Every girl a GA.
That’s the current emphasis of Girls in Action (GAs), the missions organization for girls in first through sixth grade, to encourage missions education in the local church. It’s also a message that resonates with four women — former GAs whose lives were greatly influenced through their GA participation as they developed a heart for missions.
The importance of a missional lifestyle was instilled in Mary Lochridge of Kings Mountain, through her participation in Girls Auxiliary (now Girls in Action) as a young girl. Years later, she and her husband, James, were appointed as missionaries with the Foreign Mission Board (now International Mission Board or IMB) and served in the Philippines for 27 years. Lochridge organized Girls in Action, introducing girls to the concepts of giving, praying and serving God. More than 20 years in retirement, she still speaks to GAs about missions.
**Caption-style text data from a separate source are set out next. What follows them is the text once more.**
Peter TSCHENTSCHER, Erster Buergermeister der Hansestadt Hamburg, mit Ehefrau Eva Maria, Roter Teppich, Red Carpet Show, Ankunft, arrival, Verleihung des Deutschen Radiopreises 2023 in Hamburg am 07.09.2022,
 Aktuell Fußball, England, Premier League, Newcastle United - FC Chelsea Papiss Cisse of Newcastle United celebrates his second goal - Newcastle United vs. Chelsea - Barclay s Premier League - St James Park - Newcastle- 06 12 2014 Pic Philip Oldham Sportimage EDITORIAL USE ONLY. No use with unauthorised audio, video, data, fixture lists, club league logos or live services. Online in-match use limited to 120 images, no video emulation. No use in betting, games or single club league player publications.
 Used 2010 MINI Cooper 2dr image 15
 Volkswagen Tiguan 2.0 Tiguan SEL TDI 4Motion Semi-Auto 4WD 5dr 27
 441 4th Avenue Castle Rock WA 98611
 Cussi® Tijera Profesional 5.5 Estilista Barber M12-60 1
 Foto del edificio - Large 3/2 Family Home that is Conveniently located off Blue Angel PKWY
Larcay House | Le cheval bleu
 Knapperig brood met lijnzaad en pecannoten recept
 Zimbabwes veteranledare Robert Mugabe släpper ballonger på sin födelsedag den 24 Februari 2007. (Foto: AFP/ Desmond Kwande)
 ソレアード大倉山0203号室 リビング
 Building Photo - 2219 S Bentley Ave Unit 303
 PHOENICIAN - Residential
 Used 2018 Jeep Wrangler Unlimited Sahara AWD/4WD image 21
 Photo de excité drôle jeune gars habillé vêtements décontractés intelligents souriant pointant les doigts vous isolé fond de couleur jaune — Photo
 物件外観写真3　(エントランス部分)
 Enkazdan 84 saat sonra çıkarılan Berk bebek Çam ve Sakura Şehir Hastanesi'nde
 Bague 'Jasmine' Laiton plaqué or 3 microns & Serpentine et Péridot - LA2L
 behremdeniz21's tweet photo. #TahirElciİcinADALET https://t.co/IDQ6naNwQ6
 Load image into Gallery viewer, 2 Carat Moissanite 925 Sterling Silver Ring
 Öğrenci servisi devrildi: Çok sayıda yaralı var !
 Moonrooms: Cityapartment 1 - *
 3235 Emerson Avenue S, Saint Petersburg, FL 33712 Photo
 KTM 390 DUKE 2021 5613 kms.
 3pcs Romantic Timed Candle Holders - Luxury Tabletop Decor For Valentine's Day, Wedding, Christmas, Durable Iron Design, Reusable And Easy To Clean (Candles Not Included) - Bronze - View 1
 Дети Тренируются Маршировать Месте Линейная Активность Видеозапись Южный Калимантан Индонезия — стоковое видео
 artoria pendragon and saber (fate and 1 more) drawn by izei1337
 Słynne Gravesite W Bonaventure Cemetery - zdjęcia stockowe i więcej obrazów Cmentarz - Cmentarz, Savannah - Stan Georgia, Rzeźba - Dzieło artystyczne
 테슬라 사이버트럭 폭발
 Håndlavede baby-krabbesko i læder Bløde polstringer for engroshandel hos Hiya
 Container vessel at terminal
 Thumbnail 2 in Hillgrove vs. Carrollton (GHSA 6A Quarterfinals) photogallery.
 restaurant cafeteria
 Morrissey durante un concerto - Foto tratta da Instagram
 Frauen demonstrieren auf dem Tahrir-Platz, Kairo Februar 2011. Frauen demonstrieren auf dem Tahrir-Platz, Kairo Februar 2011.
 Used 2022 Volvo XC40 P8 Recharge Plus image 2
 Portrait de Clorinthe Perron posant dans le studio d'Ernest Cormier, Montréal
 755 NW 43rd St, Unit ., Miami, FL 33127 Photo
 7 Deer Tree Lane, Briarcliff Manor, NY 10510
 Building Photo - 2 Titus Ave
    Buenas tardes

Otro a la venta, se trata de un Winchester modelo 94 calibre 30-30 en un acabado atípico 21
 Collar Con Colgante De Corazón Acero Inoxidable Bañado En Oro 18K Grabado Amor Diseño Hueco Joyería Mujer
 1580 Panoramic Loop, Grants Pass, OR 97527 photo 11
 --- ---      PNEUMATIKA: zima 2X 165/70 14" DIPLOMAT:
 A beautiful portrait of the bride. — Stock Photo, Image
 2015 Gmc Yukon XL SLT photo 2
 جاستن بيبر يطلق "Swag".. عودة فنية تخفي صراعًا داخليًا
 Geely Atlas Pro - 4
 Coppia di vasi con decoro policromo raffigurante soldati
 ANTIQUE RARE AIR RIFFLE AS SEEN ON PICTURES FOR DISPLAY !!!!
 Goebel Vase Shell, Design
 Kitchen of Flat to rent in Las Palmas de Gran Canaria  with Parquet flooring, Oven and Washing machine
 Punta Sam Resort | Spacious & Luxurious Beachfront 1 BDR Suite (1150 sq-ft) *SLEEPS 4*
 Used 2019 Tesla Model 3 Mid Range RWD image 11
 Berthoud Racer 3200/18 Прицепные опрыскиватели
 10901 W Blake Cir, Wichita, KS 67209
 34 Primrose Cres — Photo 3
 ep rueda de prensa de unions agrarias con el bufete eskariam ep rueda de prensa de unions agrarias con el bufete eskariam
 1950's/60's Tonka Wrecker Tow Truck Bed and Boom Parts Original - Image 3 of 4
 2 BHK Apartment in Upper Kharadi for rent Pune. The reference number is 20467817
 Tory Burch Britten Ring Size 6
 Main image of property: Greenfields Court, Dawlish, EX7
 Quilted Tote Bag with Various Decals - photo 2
Judy Phillips of Madison, Fla., began attending GAs in fourth grade. She came from a broken home with a mother who had to work. Although such circumstances are common now, in 1959 Phillips said she felt alone and dejected. But each Monday after school, she walked to West Highland Baptist Church. There she was accepted despite her family background.
“Those leaders,” Phillips said, “took me under their wings. I could feel good about myself.” Three years after becoming a GA, Phillips asked Jesus into her life.
Through GA missions activities, Phillips began a life of service that continues 50 years later. Among many other things, she’s taught GAs and Royal Ambassadors, and served as a Missions Service Corps volunteer.
Current Girls in Action members also find relevance and purpose in their GA involvement. Jessica Gulledge first became involved in GAs when she moved to Georgia. She is a GA now at Shirley Hills Baptist Church, she said, because they help other people. “GAs is possibly the best thing that has ever happened to me,” she said.
Taylor Long, a GA from Pine Grove Baptist Church in Walterboro, S.C., likes GA parties and activities. More than those, though, she looks forward to doing missions. For example, her group plays handbells at the area nursing home, sends care packages to prison inmates, and provides Christmas presents for people who may not have any otherwise.